Please output exactly the lines from the one containing "Alienware AW520H Gris - Vue supplémentaire 5" through the end of the records below, leaving out any pictures.

┄┄┄┄┄┄┄┄┄┄┄┄┄┄┄┄┄┄┄┄

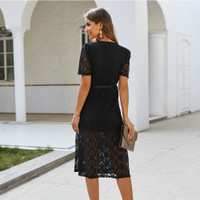 uploads/erp/collection/images/Women Clothing/KaiKuo/XU0372451/img_b/img_b_XU0372451_4_Rmhn6WOBabwHCljCul0O5LD__N5Vf2-X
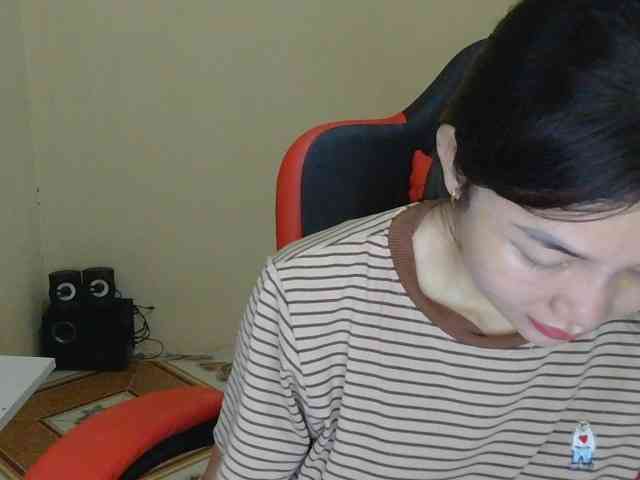nana7777 webcam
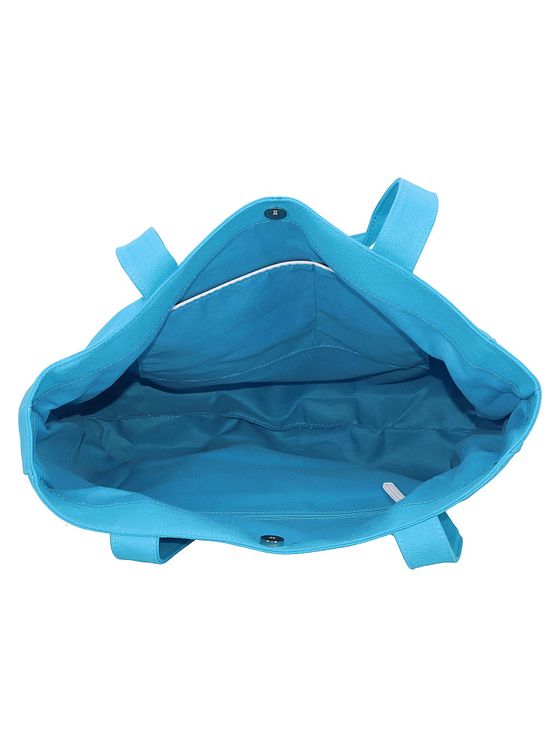 Tom Tailor Marcy Shopper-taske 50 cm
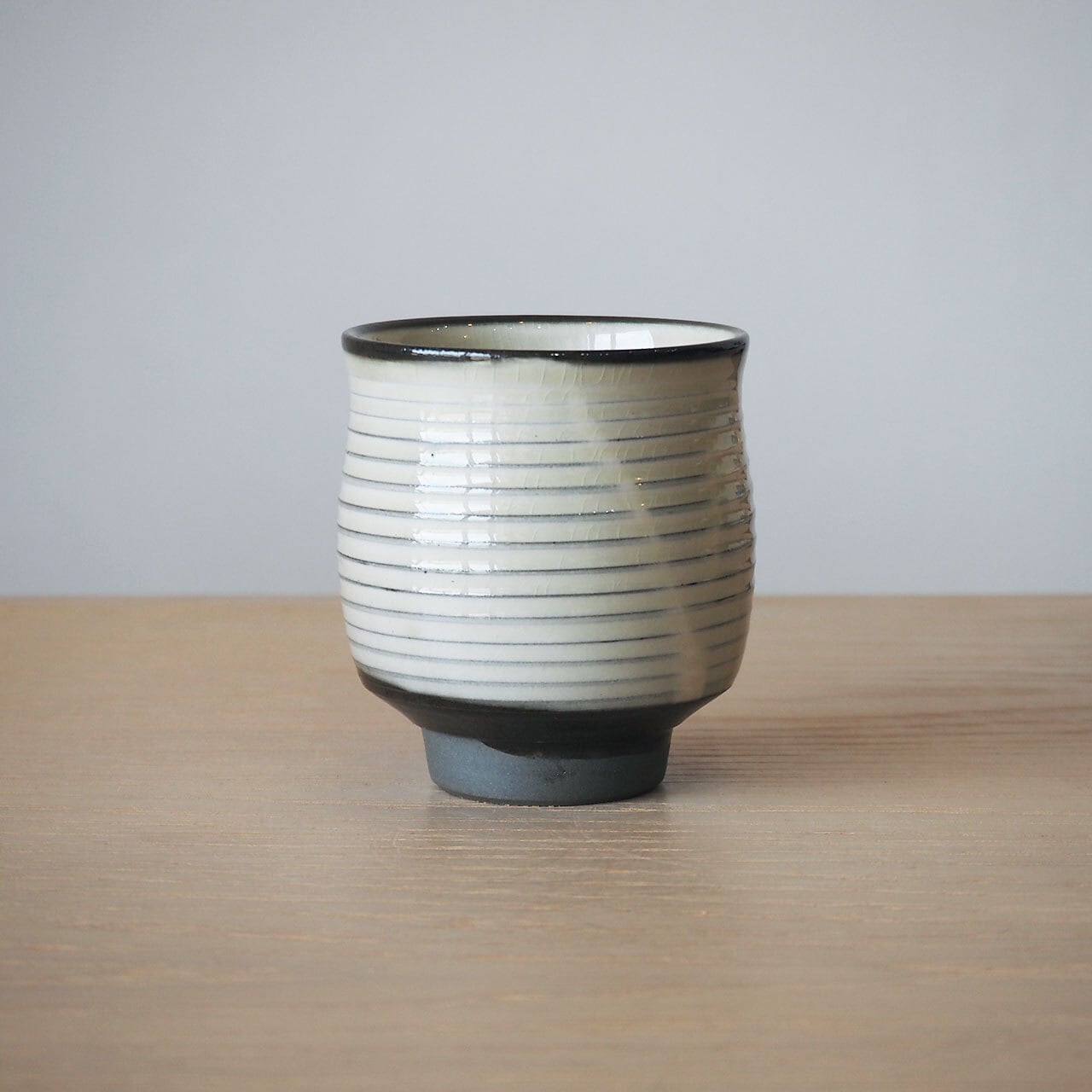 小鹿田焼（大分） | マルクトスコレー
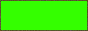 88x31 button: Paris Opera old links allmp3z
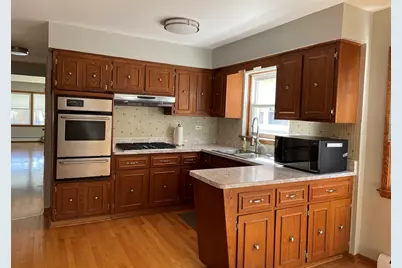 5408 N Central Avenue #1, Chicago, IL 60630 - Photo 12
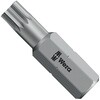 066155 (XZN)ドライバービット Wera 83598630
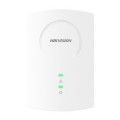 Hikvision DS-PM-WO2(433M) Расширитель беспроводной Hikvision DS-PM-WO2(433M) Расширитель беспроводной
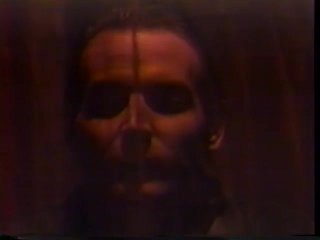 True Sin - Escena3 - 2
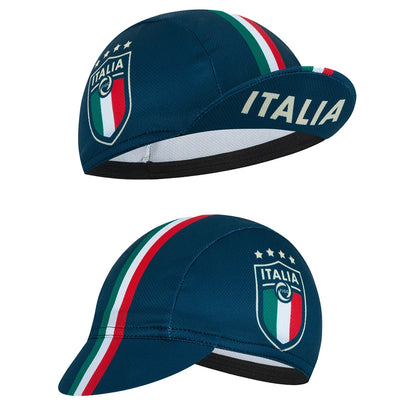 New Cycling Cap Outdoor Sports Hat Highway Mountain Bike Caps Summer Sun Protection Breathable Unisex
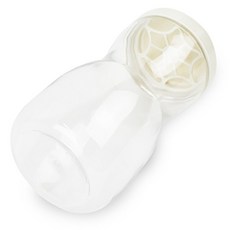 락캠플 쉐이커 보충제쉐이커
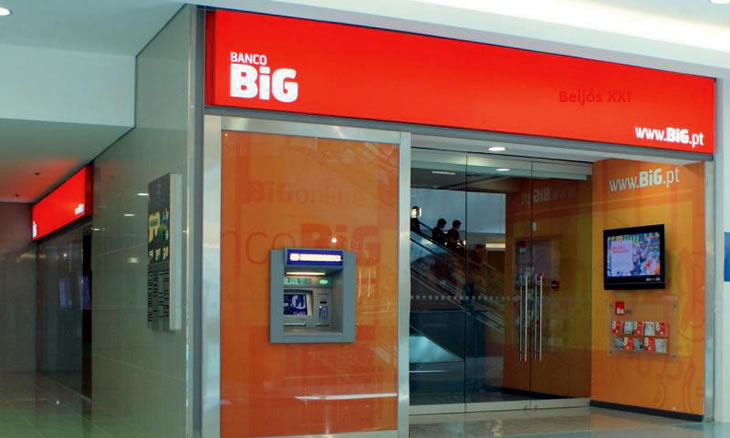 BANCO-BIG-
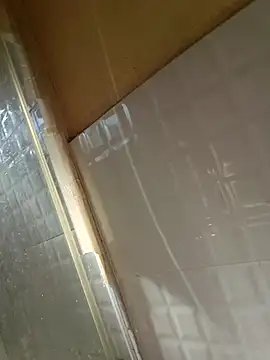 Mkhothiwesibumbu online show from March 7, 12:24 pm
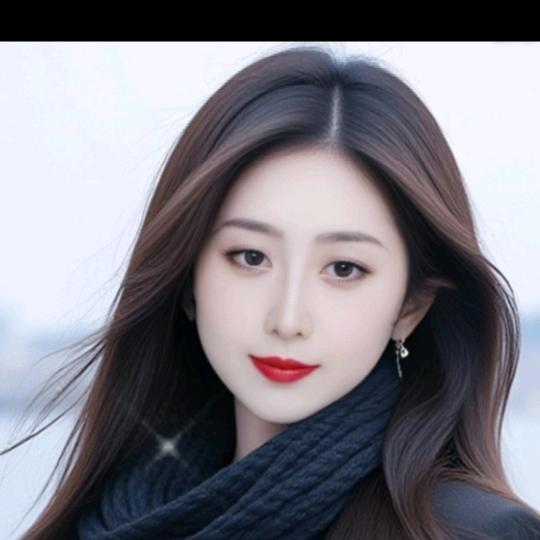 @余꧁生あ随꧂心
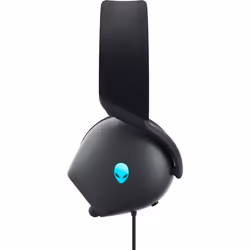 Alienware AW520H Gris - Vue supplémentaire 5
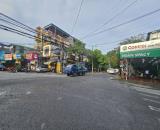 THỤY PHƯƠNG - MẶT PHỐ – Ô TÔ TRÁNH – VỈA HÈ ĐÁ BÓNG – KINH DOANH ĐỈNH – THANG MÁY XỊN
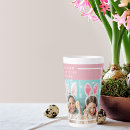 Recherche de easter tasses Pâques heureux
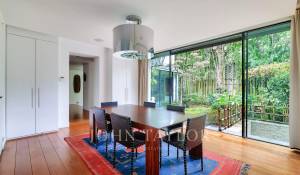 Venta Casa Neuilly-sur-Seine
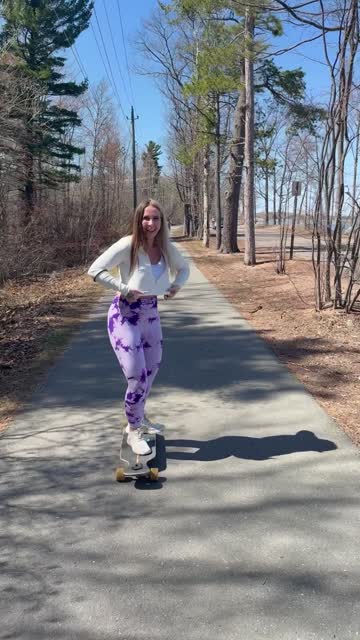public tits big tits hot video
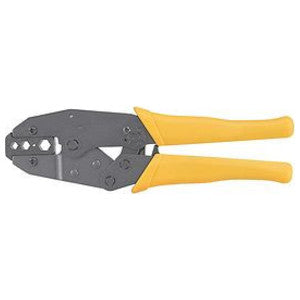 L-com HT-CRIMP03 | Modular Connector Crimp Tool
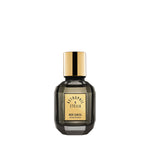 Astrophil & Stella - Mon Santal 50 ml edp<BR/> ASSAN50N  ASTROPHIL & STELLA 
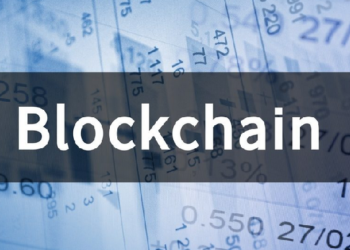 Kripto Rentan Terorisme dan Pencucian Uang, Pemain Wajib Tahu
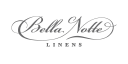 BELLA NOTTE LINENS,INC. logo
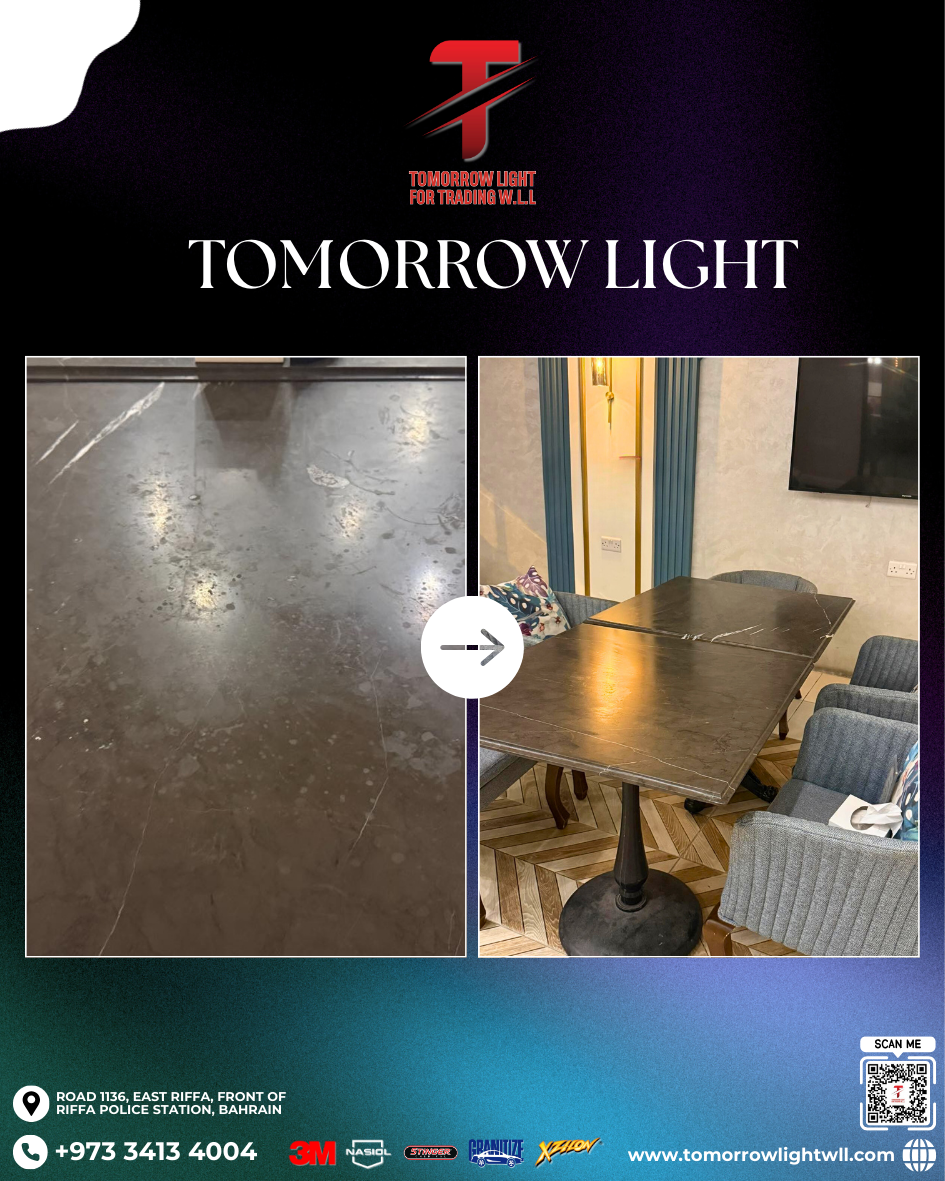 Nano Ceramic Protection for Fabrics and Curtains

┄┄┄┄┄┄┄┄┄┄┄┄┄┄┄┄┄┄┄┄

_Exercise answer_.
 Alienware AW520H Gris - Vue supplémentaire 5
 THỤY PHƯƠNG - MẶT PHỐ – Ô TÔ TRÁNH – VỈA HÈ ĐÁ BÓNG – KINH DOANH ĐỈNH – THANG MÁY XỊN
 Recherche de easter tasses Pâques heureux
 Venta Casa Neuilly-sur-Seine
public tits big tits hot video
 L-com HT-CRIMP03 | Modular Connector Crimp Tool
 Astrophil & Stella - Mon Santal 50 ml edp<BR/> ASSAN50N  ASTROPHIL & STELLA 
 Kripto Rentan Terorisme dan Pencucian Uang, Pemain Wajib Tahu
 BELLA NOTTE LINENS,INC. logo
 Nano Ceramic Protection for Fabrics and Curtains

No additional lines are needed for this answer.